Electronic Signatures. This Agreement and related documents entered into in connection with
this Agreement are signed when a party’s signature is delivered electronically, and these
signatures must be treated in all respects as having the same force and effect as original
signatures.
Captions for Convenience. All captions herein are for convenience or reference only and do not
constitute part of this Agreement and shall not be deemed to limit or otherwise affect any of the
provisions hereof.
No Waiver. No waiver of or failure to act upon any of the provisions of this Agreement or any
right or remedy arising under this Agreement shall be deemed or shall constitute a waiver of any
other provisions, rights or remedies (whether similar or dissimilar).
Amendment. This Agreement may be amended only by a writing signed by all of the Parties
hereto.
Entire Agreement. This Agreement constitutes the sole and entire agreement of the Parties
regarding the subject matter contained herein, and supersedes all prior and contemporaneous
understandings, agreements, representations, and warranties, both written and oral, regarding
such subject matter. This Agreement may only be amended, modified, or supplemented by an
agreement in writing signed by each Party hereto.
[Signatures on Following Page]
IN WITNESS WHEREOF, the undersigned have executed this Service Contract effective as of
the ____________ day of ________________, 20__ (the “Effective Date”).

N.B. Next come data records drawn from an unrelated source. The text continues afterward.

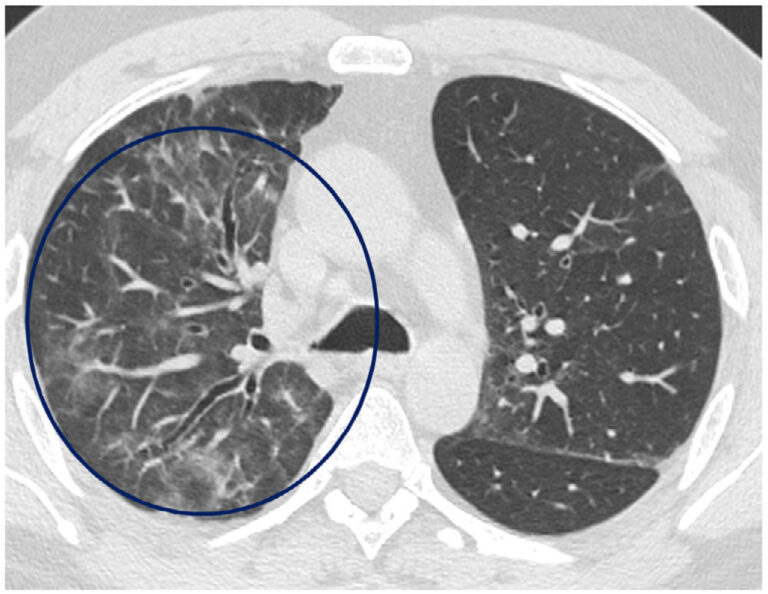 Everything You Need to Know About Pneumonia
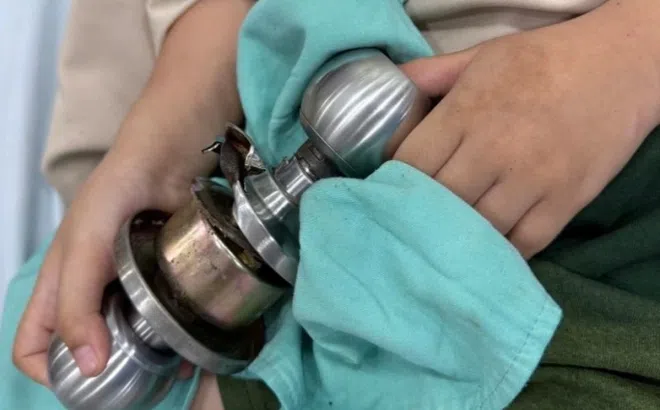 Bác sĩ TP.HCM thành 'thợ sửa ổ khóa' ngay trong phòng mổ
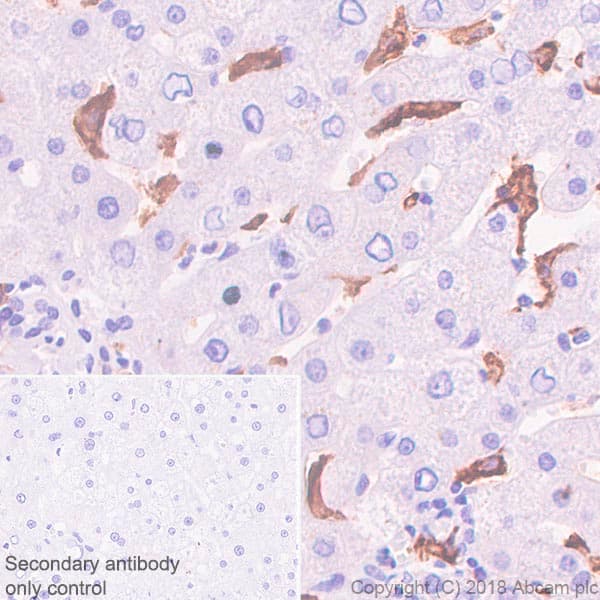 Anti-CD16a antibody [SP189] - C-terminal(AB227665)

__________________________________ _____________________________________
Contractor’s Signature Client’s Signature
Address: House - 523/24, Road - 13, Address: House: 180 (Ground Floor), Road: 2,
Block - G, Bashundhara R/A, Dhaka New DOHS, Mohakhali, Dhaka-1212
Phone Number: +88 01841 609757 Phone Number: +880 1975 585897
1. SERVICES
The Contractor agrees to provide the following services for the Client:
1.1 Digital Marketing. The provision of strategic promotional activities on the platforms
Facebook and Instagram, encompassing targeted advertising, content creation, and engagement
enhancement to bolster brand visibility and audience engagement.
1.2 Social Media Management. The comprehensive administration, oversight, and curation of
digital presence across various social media platforms, entailing content scheduling, community
engagement, and brand consistency maintenance.
1.3 Inventory Automation. The provision of automated inventory management on the platforms
store and online platforms, encompassing the sales tracking, inventory tracking, invoice creation
and management, analysis of sales throughout the specific period of time using a dedicated web
application provided by Ventures Bee.
1.4 R&D (Research & Development). R&D involves various activities such as market research,
technological exploration, prototyping, testing, and analysis. It aims to generate insights, develop
new concepts, and refine strategies to meet evolving customer needs, industry trends, and
organizational objectives.
1.5 Content Recreation. The process of revamping and reimagining existing content, adapting it
to resonate effectively with changing trends and target audiences, ensuring content remains
pertinent and engaging.
1.6 Visual & Printing. Any visual and printing support such as visiting card, wish cards, offer
cards, membership cards, delivery box and packages, Wraps etcetera.
1.7 Query Management (1 month Duration). Expert team of Ventures Bee will train up
One-Three dedicated query managers of the clients for a period of One Month. Then the client
will take full charge of query management on their own.
EXHIBIT B
The Client is entitled to reimbursement of the following expenses incurred while performing such
services:
2.1 Currency Charges. Fees imposed by the digital marketing platform for conversion and
processing of currency during transactions, encompassing currency exchange rates, conversion
fees, and related charges.
*The Contractor agrees that any expense not listed must be pre-approved by the Client. The
Contractor agrees to provide any receipts of any other related document to such expenses.